Liquidity (Market Depth) is abysmal. I think we’re probably trading less than half the contracts we would normally be trading in the on-cash settled indexes and relevant ETFs. This is why we’re getting these huge swings from Support to Resistance and back again. Normally we would have a LOT of options expiring tomorrow and Friday, but actually we’re really naked, the main expiration is actually all the way out at May 20th. So this means brokers are focused to hedge as aggressively.
I mentioned always keeping an eye on the Vix, Vvix and VVIX/VIX because yesterday we were heading down, but the moment VIX and VVIX hit an overhead resistance they started to retrace to the means.
Remember when we talk about retracing to the means, like Bollinger Bands or Keltner Channels, that it is always based on the fact that Volatility reverts to the Means, and often people make the mistake that it’s price reverting to the means, and that is incorrect. It’s the effect of volatility reverting to the means that moves price.
Let’s see how the FOMC starts today and what goes on tomorrow. Big week ahead of us. I’ll be putting out a second note later today on securities, treasury, and mortgaged backed securities, so that the bond situation is a bit clearer.

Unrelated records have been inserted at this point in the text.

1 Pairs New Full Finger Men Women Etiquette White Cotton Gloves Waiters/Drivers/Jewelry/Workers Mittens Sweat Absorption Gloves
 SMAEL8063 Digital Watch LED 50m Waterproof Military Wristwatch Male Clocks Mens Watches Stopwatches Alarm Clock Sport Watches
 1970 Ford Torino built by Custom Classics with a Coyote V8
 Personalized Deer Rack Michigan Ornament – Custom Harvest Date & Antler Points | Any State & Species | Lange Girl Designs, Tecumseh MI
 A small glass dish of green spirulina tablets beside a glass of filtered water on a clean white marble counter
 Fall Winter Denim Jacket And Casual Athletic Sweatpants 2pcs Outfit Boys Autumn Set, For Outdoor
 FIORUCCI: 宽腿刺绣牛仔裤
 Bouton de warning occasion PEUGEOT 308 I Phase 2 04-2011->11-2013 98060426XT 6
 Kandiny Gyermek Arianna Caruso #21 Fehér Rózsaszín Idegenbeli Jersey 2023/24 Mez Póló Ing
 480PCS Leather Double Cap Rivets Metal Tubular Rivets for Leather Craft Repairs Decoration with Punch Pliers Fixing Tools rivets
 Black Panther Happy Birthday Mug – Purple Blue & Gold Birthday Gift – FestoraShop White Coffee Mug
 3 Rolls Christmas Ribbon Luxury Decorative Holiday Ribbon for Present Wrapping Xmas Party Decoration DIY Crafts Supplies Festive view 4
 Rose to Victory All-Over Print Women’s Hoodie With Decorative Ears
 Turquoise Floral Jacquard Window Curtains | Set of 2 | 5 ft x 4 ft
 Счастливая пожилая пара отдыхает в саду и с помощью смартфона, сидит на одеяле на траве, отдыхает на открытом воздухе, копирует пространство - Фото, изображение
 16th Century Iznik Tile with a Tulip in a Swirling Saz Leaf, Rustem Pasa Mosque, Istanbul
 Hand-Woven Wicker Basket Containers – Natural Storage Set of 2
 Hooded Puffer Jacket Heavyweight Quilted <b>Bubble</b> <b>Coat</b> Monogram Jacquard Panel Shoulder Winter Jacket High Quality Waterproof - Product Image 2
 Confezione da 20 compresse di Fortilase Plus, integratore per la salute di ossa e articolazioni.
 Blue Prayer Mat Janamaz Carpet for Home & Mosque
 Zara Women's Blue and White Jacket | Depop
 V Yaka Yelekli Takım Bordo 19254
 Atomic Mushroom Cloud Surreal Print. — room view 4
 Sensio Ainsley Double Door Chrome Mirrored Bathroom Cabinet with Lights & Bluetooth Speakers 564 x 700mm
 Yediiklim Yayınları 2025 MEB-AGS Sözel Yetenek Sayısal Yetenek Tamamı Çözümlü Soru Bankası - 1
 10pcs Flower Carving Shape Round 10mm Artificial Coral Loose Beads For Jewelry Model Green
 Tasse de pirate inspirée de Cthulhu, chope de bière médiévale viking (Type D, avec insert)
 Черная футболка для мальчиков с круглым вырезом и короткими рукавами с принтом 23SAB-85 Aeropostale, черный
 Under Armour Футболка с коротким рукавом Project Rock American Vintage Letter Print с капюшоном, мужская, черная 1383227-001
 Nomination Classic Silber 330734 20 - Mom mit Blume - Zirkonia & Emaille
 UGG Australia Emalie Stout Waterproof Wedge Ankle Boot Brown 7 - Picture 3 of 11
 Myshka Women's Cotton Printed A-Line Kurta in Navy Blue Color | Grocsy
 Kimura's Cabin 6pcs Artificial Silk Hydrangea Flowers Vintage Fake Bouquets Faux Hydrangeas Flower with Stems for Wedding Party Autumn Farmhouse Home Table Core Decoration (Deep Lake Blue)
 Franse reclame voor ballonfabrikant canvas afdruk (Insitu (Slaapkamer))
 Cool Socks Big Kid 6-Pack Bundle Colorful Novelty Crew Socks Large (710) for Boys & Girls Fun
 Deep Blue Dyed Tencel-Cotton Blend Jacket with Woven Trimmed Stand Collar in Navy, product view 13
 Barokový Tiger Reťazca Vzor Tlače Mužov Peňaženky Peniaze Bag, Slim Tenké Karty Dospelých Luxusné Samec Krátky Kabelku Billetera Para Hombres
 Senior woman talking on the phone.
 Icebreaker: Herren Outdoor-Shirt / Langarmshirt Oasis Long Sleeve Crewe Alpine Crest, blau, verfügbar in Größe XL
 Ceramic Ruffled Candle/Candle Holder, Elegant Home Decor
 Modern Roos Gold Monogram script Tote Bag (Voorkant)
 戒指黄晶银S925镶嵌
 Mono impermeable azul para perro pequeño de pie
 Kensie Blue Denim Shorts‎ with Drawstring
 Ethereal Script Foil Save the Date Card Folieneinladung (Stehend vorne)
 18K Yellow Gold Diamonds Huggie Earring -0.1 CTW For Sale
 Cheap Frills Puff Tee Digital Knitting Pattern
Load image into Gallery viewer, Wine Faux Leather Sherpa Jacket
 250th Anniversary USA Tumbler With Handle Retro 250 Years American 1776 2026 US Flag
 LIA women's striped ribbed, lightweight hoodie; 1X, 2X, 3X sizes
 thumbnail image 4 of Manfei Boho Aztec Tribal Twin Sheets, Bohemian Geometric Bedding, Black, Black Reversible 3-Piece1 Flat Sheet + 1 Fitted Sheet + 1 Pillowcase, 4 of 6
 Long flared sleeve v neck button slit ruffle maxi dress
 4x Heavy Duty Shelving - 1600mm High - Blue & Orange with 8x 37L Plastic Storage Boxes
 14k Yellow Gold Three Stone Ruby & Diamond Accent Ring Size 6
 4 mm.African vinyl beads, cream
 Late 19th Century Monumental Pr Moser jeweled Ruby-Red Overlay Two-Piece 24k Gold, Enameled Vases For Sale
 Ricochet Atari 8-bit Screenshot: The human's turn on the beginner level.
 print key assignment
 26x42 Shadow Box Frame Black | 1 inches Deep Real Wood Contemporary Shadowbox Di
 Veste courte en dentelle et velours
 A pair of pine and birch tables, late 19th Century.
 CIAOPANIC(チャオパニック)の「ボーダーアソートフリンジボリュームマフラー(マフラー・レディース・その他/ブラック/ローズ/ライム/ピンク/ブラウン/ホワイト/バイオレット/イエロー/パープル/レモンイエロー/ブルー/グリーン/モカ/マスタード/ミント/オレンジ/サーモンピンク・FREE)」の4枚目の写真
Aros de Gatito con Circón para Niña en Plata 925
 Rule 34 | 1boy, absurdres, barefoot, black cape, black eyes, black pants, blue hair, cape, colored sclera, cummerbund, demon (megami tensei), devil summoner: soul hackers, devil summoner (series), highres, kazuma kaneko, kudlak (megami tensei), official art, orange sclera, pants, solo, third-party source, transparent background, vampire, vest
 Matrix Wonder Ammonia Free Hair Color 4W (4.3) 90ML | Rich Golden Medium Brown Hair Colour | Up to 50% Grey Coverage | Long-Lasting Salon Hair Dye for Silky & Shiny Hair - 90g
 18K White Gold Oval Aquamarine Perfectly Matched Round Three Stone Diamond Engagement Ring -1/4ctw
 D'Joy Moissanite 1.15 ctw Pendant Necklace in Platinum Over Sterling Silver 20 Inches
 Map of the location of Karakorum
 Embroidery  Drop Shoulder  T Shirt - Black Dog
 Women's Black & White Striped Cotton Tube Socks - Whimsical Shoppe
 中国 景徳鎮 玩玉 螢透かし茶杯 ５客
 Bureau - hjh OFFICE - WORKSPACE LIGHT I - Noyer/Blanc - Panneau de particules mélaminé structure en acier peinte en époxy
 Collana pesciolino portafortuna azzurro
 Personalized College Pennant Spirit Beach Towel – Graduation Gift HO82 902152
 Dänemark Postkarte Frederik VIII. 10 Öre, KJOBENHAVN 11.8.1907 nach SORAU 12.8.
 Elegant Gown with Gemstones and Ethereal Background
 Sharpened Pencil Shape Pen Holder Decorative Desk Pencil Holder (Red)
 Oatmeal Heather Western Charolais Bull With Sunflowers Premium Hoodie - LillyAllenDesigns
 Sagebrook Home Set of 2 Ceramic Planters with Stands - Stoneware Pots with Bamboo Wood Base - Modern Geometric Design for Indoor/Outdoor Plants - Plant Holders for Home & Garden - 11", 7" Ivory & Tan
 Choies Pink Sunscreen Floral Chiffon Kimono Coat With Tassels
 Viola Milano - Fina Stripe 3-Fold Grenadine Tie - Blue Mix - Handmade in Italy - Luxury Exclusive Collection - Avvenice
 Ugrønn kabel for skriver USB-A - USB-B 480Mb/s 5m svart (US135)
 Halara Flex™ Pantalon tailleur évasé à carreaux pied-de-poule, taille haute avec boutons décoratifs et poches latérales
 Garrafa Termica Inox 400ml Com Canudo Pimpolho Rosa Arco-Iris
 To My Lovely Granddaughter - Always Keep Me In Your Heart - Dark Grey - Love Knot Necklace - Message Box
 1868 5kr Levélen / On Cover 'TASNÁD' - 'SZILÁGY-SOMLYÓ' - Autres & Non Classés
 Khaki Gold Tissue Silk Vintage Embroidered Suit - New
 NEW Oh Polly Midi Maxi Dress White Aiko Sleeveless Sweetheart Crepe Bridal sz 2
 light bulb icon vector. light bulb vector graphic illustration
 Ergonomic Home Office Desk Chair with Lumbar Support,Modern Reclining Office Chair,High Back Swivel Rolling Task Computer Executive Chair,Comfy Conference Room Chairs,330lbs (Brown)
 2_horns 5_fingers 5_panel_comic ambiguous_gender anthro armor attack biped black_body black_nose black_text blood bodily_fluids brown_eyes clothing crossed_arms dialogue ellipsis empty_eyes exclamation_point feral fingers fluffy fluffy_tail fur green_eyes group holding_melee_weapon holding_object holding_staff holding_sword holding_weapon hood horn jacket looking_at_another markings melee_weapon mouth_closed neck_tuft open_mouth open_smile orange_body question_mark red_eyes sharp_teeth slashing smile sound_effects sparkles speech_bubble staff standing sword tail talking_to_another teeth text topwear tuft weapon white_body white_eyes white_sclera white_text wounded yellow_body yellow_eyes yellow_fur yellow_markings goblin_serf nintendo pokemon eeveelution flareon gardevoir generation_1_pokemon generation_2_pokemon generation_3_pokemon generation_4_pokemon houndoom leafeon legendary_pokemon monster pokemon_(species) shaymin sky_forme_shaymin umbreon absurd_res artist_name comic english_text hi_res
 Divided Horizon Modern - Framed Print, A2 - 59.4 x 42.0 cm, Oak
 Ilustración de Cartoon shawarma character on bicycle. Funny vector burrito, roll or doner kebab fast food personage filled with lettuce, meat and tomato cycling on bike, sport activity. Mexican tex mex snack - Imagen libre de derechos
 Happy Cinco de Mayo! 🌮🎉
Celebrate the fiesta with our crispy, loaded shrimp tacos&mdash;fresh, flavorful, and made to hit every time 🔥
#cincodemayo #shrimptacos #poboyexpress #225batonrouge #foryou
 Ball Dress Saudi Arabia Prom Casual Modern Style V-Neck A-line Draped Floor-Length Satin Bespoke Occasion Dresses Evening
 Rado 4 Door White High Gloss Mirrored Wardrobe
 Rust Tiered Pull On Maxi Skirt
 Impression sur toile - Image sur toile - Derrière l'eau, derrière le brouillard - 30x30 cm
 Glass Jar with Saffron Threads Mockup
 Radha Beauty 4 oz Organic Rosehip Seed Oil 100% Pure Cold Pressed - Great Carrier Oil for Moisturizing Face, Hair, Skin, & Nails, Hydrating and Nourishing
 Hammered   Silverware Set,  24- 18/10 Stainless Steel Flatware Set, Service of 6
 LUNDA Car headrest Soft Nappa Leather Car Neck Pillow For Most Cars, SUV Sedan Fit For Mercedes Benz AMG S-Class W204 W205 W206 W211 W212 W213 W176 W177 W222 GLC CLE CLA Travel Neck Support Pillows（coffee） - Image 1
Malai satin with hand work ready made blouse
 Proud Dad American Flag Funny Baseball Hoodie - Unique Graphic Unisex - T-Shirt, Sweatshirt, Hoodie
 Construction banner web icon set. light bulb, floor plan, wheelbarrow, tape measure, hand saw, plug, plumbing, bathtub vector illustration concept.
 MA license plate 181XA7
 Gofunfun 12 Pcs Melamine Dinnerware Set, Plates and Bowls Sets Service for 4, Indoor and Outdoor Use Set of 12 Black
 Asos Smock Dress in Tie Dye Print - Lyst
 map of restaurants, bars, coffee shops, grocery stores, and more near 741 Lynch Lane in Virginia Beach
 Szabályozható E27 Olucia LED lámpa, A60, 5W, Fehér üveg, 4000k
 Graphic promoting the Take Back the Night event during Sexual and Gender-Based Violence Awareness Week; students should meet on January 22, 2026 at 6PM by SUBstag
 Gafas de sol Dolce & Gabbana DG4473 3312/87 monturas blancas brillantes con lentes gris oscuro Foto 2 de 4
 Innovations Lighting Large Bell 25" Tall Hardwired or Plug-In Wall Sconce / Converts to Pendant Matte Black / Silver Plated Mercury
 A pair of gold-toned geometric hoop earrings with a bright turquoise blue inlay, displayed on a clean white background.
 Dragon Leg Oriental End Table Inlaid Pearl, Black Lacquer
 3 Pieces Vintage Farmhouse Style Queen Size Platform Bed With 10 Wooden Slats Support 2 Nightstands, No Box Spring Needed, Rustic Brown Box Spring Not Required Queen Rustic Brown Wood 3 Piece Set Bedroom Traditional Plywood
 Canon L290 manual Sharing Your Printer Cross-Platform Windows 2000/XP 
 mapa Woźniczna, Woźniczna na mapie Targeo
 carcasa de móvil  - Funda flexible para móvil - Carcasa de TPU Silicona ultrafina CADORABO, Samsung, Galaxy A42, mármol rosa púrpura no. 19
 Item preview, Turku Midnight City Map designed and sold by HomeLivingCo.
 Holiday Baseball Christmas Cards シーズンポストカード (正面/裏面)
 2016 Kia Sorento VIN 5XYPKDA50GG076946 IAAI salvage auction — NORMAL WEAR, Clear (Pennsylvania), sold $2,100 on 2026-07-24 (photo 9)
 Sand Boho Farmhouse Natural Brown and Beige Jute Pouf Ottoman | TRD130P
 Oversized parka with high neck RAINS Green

The final batch of global Manufacturing PMI data for the month of April resembled the general softness of the prior releases, confirming the post-Omicron bounce in global growth likely petered out in March.
The US ISM data saw Headline and New Orders slow to the lowest levels since mid-2020. The uptick in the percentage of Respondents Reporting Slower Supplier Delivery Times is suggestive of growing supply chain disruptions stemming from China’s Zero COVID policy. Should the lockdowns remain in place or continue to permeate for another ~month, we would anticipate a fifth wave of inflation across the global economy that would catch investors betting on a near-term dovish pivot by the Fed, ECB, and/or BoE off guard.
However, the uptick back into positive territory in the ISM Manufacturing New Orders/Inventories spread is a positive sign for the US Growth Cycle, for now at least.